** What the task asks **
Using the listing below, copy exactly the lines from the one containing "24/25 Nike Black" to the one containing "ASUS RX560-O2G scheda", both lines included, and no others.

** The records **
━━━━━━━━
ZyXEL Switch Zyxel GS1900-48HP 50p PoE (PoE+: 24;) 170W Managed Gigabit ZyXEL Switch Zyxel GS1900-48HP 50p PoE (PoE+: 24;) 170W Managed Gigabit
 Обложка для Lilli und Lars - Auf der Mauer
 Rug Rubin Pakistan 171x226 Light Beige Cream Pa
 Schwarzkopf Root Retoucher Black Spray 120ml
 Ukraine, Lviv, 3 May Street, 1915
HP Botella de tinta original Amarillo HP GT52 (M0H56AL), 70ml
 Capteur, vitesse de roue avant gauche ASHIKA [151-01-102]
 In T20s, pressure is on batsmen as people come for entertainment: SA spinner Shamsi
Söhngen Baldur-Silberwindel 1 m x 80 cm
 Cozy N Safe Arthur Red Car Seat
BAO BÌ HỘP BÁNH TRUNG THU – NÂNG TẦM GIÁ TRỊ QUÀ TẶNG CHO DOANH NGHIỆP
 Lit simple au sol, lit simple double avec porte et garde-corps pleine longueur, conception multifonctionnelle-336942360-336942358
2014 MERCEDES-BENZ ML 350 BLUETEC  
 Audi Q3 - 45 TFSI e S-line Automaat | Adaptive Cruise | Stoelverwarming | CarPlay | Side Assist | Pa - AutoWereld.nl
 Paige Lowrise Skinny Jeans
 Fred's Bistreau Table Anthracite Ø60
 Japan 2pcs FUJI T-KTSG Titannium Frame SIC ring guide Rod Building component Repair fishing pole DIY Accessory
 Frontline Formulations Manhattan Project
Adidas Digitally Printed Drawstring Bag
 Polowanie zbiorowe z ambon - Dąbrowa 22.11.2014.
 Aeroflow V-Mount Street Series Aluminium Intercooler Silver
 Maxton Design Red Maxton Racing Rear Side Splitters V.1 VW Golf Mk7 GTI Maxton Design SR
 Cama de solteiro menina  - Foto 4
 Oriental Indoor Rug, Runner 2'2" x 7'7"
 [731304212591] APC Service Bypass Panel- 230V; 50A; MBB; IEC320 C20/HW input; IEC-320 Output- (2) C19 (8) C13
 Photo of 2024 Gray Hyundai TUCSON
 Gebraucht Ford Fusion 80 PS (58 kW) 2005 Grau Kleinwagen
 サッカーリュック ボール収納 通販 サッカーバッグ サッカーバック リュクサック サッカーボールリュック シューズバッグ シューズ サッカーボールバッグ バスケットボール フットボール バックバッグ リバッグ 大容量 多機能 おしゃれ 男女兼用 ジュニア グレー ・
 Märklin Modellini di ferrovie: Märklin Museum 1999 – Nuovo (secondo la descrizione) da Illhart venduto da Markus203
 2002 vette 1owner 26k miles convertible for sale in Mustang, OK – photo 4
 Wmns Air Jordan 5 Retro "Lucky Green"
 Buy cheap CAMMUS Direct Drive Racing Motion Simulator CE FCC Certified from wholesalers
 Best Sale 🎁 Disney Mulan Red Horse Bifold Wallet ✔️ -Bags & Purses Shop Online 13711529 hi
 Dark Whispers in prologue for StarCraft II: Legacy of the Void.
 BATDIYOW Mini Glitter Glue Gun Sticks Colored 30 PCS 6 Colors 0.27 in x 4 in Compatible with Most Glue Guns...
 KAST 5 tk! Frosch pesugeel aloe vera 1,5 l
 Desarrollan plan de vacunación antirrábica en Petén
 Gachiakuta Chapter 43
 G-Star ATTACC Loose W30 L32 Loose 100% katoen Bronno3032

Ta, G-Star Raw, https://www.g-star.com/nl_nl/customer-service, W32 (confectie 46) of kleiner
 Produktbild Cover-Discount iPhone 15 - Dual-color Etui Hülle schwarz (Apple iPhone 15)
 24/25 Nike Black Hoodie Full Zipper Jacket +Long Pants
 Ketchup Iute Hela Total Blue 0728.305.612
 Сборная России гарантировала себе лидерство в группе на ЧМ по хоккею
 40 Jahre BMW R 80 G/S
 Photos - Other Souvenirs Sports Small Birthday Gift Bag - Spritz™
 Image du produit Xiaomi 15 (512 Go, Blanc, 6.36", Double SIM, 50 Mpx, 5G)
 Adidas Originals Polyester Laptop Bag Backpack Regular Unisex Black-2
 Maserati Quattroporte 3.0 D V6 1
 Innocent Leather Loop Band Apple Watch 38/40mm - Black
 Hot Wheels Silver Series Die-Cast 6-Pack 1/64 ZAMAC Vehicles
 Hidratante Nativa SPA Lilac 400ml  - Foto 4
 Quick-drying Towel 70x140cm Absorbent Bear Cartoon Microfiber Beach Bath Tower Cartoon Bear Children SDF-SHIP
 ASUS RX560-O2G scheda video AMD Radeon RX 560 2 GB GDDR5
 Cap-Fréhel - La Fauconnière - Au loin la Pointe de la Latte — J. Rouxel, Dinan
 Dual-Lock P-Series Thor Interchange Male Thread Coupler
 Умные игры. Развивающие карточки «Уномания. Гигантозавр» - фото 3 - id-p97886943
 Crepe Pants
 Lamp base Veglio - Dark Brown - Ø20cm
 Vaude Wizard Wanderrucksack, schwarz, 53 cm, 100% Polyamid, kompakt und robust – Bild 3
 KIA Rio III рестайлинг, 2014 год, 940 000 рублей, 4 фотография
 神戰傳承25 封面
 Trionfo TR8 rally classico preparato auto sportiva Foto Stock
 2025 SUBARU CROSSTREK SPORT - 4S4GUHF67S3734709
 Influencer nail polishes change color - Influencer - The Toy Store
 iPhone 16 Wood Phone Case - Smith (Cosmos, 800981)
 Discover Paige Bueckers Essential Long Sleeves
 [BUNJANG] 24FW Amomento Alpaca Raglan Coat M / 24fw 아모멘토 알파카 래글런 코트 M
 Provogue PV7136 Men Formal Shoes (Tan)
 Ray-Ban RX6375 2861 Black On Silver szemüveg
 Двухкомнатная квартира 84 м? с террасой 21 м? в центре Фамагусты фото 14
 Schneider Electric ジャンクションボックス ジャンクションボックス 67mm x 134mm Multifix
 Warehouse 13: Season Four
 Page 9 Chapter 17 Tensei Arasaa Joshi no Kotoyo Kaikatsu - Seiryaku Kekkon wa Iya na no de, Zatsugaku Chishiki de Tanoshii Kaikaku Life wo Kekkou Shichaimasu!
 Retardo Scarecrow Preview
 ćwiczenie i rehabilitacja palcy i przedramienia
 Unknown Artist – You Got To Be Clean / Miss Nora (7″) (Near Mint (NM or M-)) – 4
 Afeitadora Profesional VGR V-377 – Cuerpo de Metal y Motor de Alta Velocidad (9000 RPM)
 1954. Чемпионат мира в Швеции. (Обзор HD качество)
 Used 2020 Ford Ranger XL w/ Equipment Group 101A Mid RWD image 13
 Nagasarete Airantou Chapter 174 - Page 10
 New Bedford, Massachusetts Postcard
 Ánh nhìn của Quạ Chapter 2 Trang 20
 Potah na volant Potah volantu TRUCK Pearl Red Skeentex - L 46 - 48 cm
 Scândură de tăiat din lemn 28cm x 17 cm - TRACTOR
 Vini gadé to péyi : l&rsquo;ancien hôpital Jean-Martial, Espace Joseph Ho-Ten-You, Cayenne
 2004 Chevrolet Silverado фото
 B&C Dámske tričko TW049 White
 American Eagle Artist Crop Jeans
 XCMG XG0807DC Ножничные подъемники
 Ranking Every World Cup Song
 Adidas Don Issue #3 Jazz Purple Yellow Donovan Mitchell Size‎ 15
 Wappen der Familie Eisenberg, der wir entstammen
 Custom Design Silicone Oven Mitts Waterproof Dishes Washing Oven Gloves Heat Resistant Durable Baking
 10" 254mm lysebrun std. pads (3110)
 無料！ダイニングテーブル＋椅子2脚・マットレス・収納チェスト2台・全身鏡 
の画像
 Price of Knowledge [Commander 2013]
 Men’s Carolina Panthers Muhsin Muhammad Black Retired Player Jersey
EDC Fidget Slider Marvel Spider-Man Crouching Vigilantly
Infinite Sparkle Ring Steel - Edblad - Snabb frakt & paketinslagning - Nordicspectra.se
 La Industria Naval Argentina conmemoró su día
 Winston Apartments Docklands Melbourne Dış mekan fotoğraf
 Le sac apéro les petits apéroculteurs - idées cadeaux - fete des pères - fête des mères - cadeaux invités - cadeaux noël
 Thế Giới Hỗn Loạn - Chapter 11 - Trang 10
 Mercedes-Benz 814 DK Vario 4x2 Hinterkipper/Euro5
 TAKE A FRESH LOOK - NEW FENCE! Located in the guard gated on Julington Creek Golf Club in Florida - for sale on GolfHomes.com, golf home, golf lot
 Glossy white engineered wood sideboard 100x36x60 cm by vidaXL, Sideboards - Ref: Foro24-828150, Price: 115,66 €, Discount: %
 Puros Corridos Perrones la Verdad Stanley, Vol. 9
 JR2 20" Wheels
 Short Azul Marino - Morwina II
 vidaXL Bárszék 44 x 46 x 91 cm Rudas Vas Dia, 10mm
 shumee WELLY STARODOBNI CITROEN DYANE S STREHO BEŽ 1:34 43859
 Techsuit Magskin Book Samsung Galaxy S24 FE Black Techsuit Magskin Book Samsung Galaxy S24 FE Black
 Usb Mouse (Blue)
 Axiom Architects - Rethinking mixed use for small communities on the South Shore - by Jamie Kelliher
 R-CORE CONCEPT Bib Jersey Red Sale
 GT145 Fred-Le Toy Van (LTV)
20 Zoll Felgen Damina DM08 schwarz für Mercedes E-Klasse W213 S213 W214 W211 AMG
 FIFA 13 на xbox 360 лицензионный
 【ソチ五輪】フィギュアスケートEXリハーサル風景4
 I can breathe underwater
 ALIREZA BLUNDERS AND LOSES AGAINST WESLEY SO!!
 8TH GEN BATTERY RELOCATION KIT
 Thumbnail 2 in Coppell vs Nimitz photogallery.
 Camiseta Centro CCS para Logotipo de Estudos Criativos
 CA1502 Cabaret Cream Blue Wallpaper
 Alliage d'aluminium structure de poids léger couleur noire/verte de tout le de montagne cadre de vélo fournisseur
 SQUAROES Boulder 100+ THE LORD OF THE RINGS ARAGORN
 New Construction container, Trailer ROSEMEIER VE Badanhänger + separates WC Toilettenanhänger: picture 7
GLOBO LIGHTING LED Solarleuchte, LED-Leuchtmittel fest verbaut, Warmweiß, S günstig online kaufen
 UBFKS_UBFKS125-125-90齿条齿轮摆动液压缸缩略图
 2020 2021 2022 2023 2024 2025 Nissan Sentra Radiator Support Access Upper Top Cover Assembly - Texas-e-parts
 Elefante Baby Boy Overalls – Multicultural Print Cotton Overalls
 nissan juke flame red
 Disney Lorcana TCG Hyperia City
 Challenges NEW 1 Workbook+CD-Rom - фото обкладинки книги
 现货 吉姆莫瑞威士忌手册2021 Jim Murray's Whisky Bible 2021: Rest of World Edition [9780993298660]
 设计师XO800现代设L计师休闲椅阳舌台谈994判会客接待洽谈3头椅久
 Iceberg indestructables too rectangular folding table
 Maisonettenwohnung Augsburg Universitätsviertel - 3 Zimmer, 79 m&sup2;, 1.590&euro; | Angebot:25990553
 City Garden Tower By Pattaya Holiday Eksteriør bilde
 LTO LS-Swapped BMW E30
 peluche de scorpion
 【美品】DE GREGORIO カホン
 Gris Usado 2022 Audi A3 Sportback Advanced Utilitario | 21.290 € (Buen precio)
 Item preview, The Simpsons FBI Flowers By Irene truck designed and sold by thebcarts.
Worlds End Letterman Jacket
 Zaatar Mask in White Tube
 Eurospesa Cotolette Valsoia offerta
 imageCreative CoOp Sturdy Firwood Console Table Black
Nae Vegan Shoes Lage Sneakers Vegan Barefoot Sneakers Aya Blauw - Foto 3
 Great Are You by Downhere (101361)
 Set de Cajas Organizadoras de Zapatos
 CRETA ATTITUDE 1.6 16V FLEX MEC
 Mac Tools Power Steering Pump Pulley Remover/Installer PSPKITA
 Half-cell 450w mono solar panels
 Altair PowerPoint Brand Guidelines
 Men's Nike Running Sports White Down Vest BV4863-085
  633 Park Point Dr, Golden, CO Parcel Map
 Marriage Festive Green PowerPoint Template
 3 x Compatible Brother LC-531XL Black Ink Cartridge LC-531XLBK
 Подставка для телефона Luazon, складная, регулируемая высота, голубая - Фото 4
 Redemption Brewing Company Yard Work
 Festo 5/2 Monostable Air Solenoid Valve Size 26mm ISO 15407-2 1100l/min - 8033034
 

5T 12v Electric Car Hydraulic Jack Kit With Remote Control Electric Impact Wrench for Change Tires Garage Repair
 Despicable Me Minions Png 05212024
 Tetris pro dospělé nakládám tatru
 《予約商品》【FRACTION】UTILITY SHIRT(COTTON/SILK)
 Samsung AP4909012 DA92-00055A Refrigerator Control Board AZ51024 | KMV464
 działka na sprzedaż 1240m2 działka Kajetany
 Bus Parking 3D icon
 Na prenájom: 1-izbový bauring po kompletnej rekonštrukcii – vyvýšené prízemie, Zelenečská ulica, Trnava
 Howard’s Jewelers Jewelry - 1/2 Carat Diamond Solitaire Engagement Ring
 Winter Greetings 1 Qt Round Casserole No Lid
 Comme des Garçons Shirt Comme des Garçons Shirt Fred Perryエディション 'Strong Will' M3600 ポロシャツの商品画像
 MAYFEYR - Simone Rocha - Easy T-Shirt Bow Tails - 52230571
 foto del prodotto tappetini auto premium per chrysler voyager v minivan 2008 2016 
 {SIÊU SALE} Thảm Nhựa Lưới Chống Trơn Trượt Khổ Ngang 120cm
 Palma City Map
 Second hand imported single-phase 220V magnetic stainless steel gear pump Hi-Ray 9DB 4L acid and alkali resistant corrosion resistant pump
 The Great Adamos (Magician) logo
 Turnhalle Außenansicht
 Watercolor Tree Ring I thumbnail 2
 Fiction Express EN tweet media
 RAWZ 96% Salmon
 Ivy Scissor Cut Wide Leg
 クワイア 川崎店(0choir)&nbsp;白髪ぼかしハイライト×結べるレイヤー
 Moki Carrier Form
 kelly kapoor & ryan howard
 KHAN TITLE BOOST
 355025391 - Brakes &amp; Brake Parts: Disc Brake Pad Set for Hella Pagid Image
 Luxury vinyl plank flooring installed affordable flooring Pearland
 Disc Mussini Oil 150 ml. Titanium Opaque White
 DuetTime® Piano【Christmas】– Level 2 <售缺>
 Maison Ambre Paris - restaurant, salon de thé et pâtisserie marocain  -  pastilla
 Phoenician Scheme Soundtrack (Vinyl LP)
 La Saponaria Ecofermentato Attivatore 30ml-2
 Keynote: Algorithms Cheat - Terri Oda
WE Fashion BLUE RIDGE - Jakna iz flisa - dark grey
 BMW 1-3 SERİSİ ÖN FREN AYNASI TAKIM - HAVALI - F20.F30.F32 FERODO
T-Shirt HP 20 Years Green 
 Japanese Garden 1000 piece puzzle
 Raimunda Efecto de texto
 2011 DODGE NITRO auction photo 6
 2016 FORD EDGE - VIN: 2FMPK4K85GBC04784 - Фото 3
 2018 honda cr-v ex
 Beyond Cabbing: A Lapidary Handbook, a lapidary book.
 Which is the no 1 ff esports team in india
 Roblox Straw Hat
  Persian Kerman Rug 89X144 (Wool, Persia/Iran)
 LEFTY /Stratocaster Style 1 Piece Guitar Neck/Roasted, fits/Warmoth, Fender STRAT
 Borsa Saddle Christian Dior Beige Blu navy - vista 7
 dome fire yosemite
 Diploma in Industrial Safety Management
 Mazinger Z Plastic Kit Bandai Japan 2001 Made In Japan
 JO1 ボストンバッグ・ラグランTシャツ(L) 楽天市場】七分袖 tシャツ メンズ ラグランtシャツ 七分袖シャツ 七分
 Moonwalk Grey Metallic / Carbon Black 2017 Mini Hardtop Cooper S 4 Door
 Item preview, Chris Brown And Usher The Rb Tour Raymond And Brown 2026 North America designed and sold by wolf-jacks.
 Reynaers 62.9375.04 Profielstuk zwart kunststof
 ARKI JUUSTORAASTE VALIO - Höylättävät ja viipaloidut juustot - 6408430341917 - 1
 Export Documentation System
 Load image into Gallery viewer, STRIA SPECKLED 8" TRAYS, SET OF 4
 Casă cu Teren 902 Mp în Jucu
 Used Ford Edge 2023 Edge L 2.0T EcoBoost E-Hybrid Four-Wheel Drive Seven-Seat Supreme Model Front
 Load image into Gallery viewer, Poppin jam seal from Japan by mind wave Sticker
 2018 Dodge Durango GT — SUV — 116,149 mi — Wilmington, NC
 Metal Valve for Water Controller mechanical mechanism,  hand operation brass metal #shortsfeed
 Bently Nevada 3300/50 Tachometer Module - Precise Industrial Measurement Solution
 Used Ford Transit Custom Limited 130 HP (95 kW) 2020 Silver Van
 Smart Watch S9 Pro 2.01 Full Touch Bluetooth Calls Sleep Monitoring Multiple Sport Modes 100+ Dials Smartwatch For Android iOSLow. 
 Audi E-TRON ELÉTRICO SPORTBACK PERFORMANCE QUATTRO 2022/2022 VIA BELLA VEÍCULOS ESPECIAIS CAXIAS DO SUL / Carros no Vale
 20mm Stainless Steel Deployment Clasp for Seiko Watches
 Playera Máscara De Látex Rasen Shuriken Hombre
━━━━━━━━
** Solution to this problem **
 24/25 Nike Black Hoodie Full Zipper Jacket +Long Pants
 Ketchup Iute Hela Total Blue 0728.305.612
 Сборная России гарантировала себе лидерство в группе на ЧМ по хоккею
 40 Jahre BMW R 80 G/S
 Photos - Other Souvenirs Sports Small Birthday Gift Bag - Spritz™
 Image du produit Xiaomi 15 (512 Go, Blanc, 6.36", Double SIM, 50 Mpx, 5G)
 Adidas Originals Polyester Laptop Bag Backpack Regular Unisex Black-2
 Maserati Quattroporte 3.0 D V6 1
 Innocent Leather Loop Band Apple Watch 38/40mm - Black
 Hot Wheels Silver Series Die-Cast 6-Pack 1/64 ZAMAC Vehicles
 Hidratante Nativa SPA Lilac 400ml  - Foto 4
 Quick-drying Towel 70x140cm Absorbent Bear Cartoon Microfiber Beach Bath Tower Cartoon Bear Children SDF-SHIP
 ASUS RX560-O2G scheda video AMD Radeon RX 560 2 GB GDDR5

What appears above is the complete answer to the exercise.